Less than 1 minute Minutes

UPDATED: 22 Dec 2023, 6:53 am

Life doesn’t always go according to plan. All too often, new opportunities pop up when least expected. That was certainly true for Nicole Yiu, the chef garde manger (or ‘cold food’ chef) at the Grand Lisboa Hotel’s three-Michelin-starred Robuchon au Dôme, who found her way from sociology to the culinary arts. In this instalment of “Know Your Chef”, we spoke with the 26-year-old chef to learn all about her personal and professional journey:  

The early days: Born and raised in Macao, Yiu says she’s always been a “foodie” who loves trying anything and everything. Her mother had a penchant for cooking a range of Asian and Western cuisines, which exposed Yiu to a kaleidoscope of flavours throughout her youth.

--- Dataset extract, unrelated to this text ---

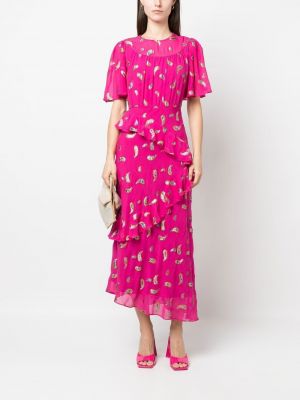 Robe mi-longue brodé en soie à imprimé Saloni rose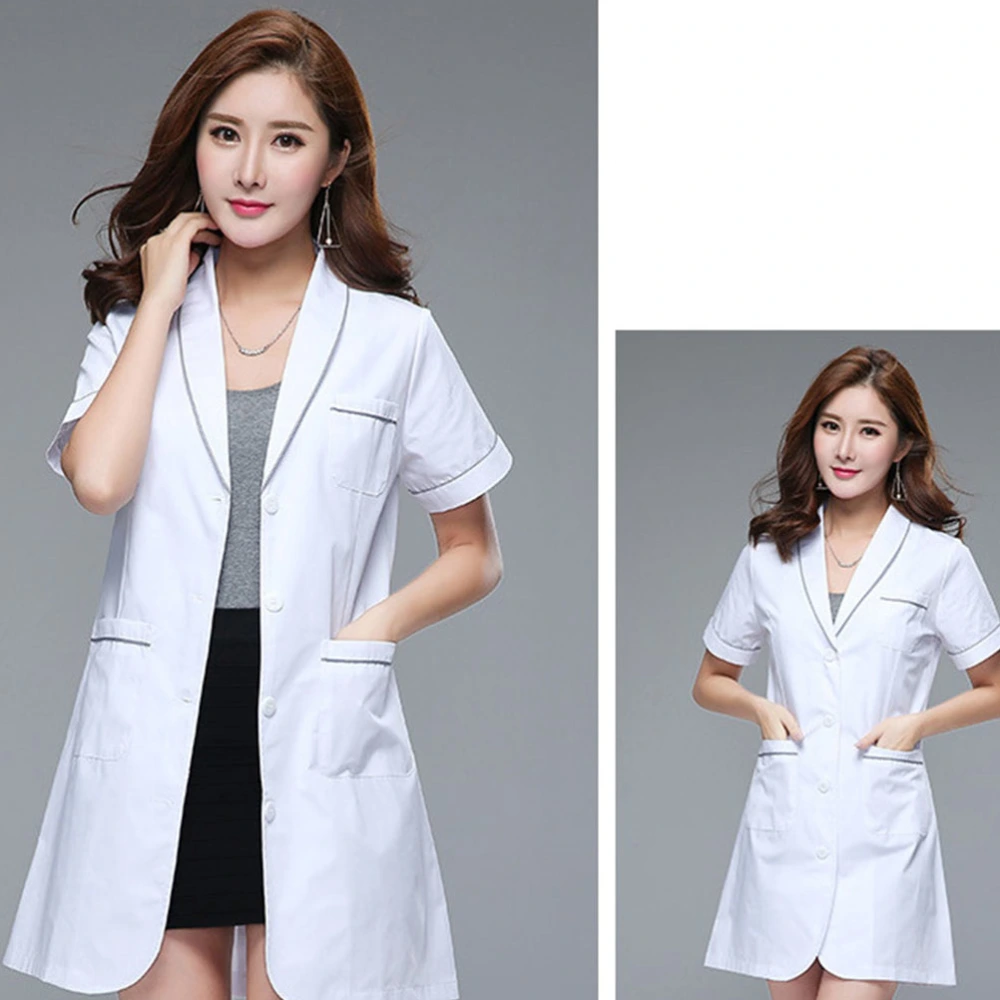 Beautician Uniform Nursing White Coat Cotton Hospital Apparel Clothes Short Sleeve Labour Suit Fashion Pharmacy Coat Costume- Size L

The young chef became “enthusiastic about cooking” while pursuing a sociology degree four years ago at the University of California, Los Angeles (UCLA). “During my years studying, I developed my cooking skills because I had to learn how to cook for myself,” she recalls. 

Aside from comfort foods – like steamed egg custard with dried scallop, aubergine with minced pork – and spontaneous cravings, Yiu enjoyed cooking big festive holiday meals and sharing them with friends. 

The turning point: Having learned more about human nature while pursuing her sociology degree, Yiu felt inspired to go after a career that she would enjoy every day. After graduating from UCLA, Yiu worked at an LA-based food media company – The Chihuo, focused on Asian cuisines – which enabled her to pursue her interest in food. 

From visiting new restaurants to taking food photos, writing food reviews and interviewing chefs and business owners, Yiu immersed herself in the industry. “I always knew I loved food and wanted to do something related to food, so when the Chihuo was recruiting, I took the chance,” she says. “They didn’t care that my degree was unrelated to food.” 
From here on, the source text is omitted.